*PROBLEM STATEMENT:* Return the data word for word. Pictures are to be omitted.

*DATA SEGMENT:*
=-=-=-=-=
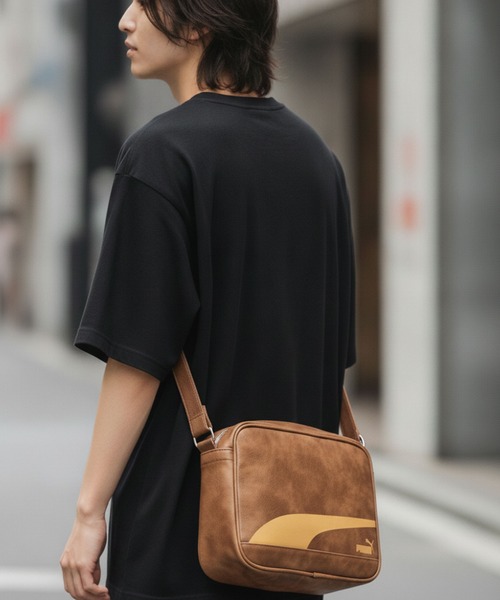 PUMA（プーマ）の「【PUMA/プーマ】【容量4L 高見えPUレザー】ビンテージPUショルダーバッグ 内ポケット付き レトロ ストリート y2k スポーツミックス 古着風 おしゃれ ユニセックス（ショルダーバッグ・メンズ・グリーン/ブラック/ブラウン/ホワイト・FREE）」の2枚目の写真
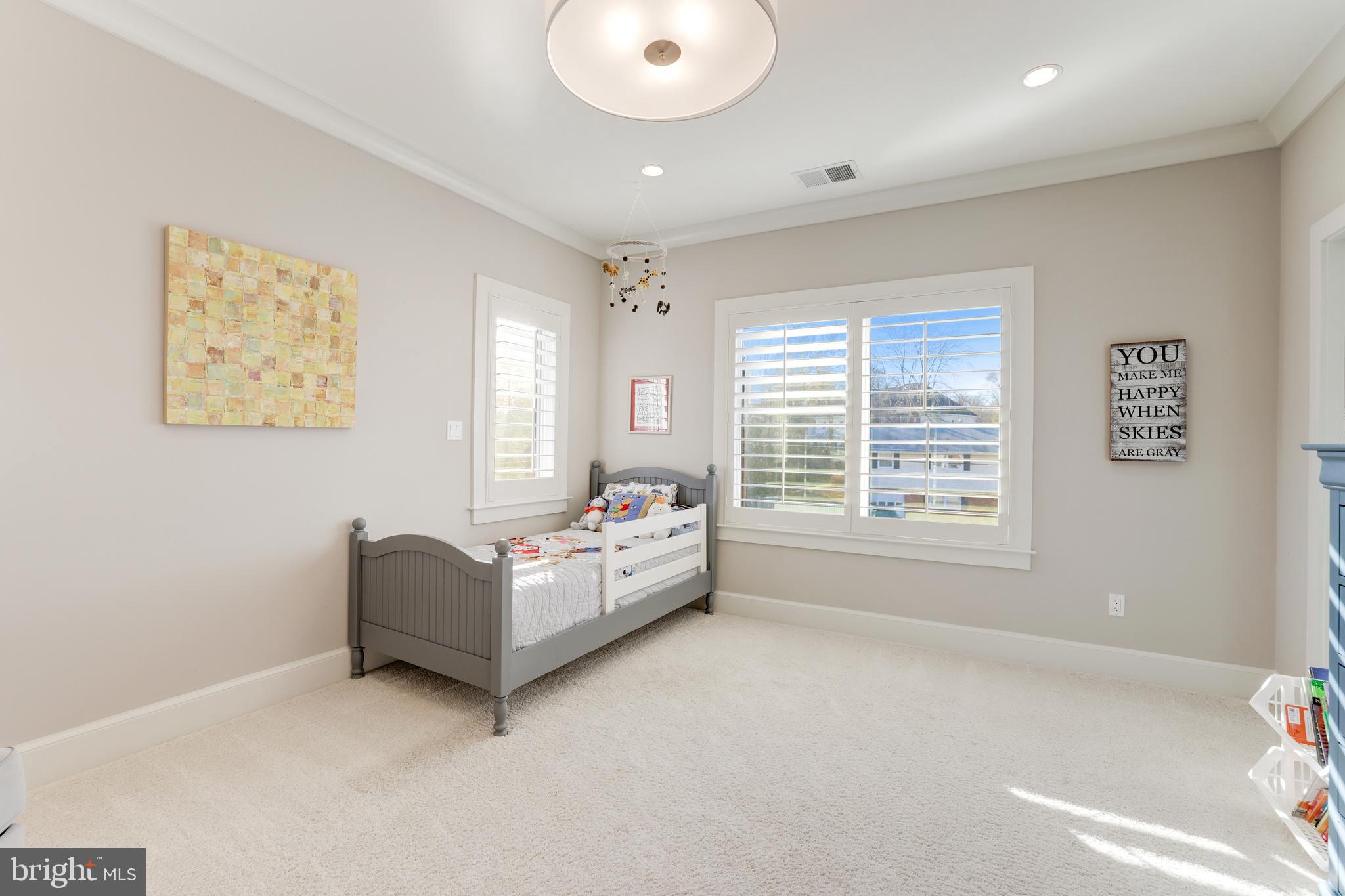 BROYHILLS MCLEAN ESTATES - Residential
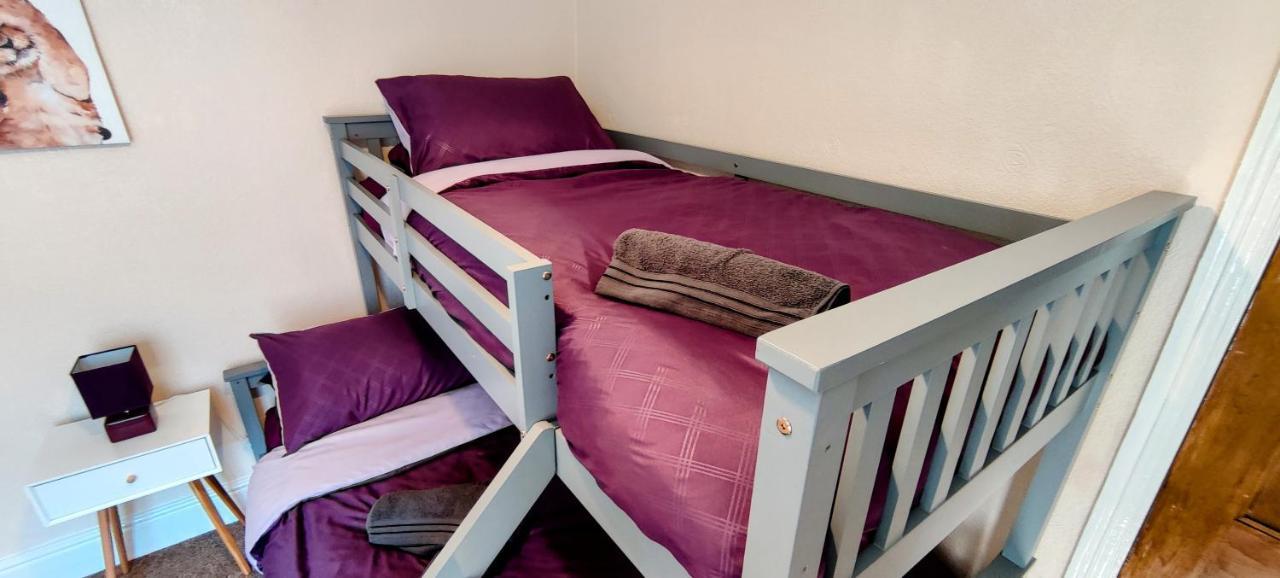 Rhubarb Terrace On The Coast - Sleeps 1-6 Colwyn Bay Exterior foto
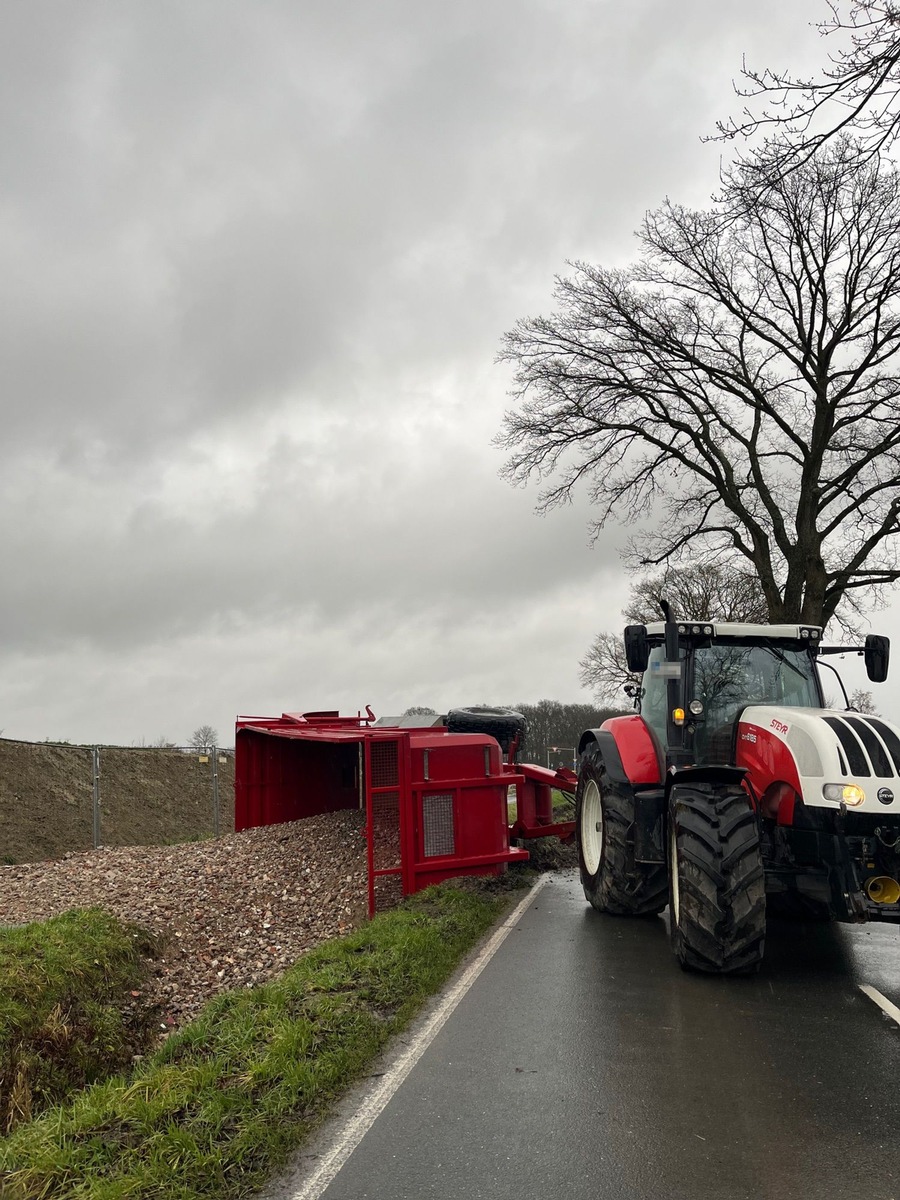 Traktor-Anhänger kippt um: Lkw-Fahrer nach Unfall geflohen!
=-=-=-=-=
*SOLUTION FOR THIS TASK:*
 PUMA（プーマ）の「【PUMA/プーマ】【容量4L 高見えPUレザー】ビンテージPUショルダーバッグ 内ポケット付き レトロ ストリート y2k スポーツミックス 古着風 おしゃれ ユニセックス（ショルダーバッグ・メンズ・グリーン/ブラック/ブラウン/ホワイト・FREE）」の2枚目の写真
 BROYHILLS MCLEAN ESTATES - Residential
 Rhubarb Terrace On The Coast - Sleeps 1-6 Colwyn Bay Exterior foto
 Traktor-Anhänger kippt um: Lkw-Fahrer nach Unfall geflohen!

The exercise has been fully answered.